INSTRUCTIONS TO FOLLOW → Somewhere below are a line with "this 650×366 image." and a later line with "this 640×480 image.". Output exactly those lines and all lines between them.

SUPPLIED RECORDS →
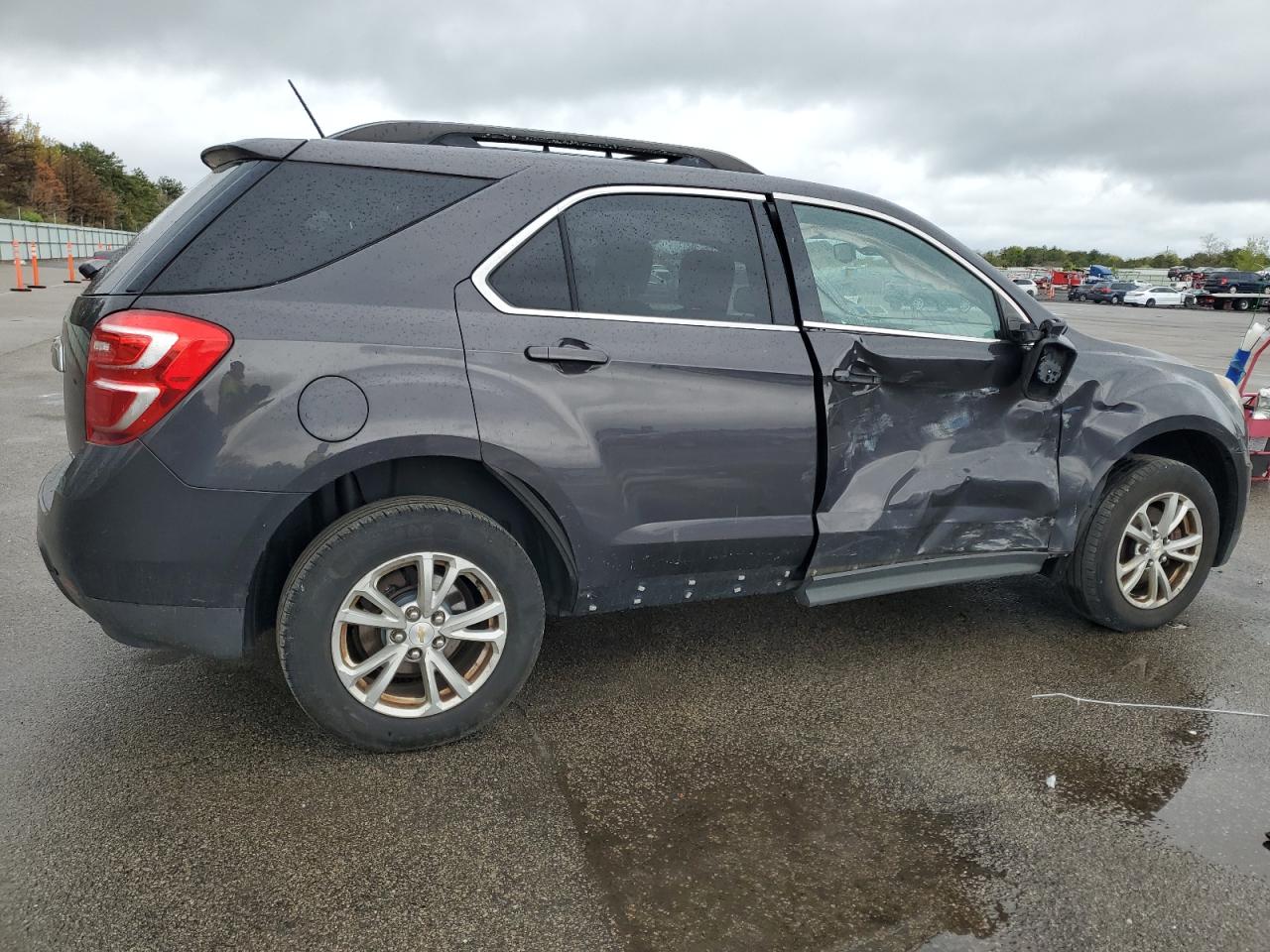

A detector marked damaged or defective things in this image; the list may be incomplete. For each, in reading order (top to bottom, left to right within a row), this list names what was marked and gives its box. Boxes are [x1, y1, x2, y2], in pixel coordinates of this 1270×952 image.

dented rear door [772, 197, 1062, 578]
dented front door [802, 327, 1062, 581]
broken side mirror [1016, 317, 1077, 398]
==
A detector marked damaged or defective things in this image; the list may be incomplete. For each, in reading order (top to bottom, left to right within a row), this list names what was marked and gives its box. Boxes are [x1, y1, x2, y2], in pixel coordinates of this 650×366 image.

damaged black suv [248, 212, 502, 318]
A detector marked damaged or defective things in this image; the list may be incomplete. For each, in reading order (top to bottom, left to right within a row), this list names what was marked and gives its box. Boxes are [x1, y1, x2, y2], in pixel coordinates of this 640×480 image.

WRITTEN ANSWER →
A detector marked damaged or defective things in this image; the list may be incomplete. For each, in reading order (top to bottom, left to right within a row), this list names what was marked and gives its box. Boxes are [x1, y1, x2, y2], in pixel coordinates of this 650×366 image.

damaged black suv [248, 212, 502, 318]
A detector marked damaged or defective things in this image; the list may be incomplete. For each, in reading order (top to bottom, left to right within a row), this list names what was marked and gives its box. Boxes are [x1, y1, x2, y2], in pixel coordinates of this 640×480 image.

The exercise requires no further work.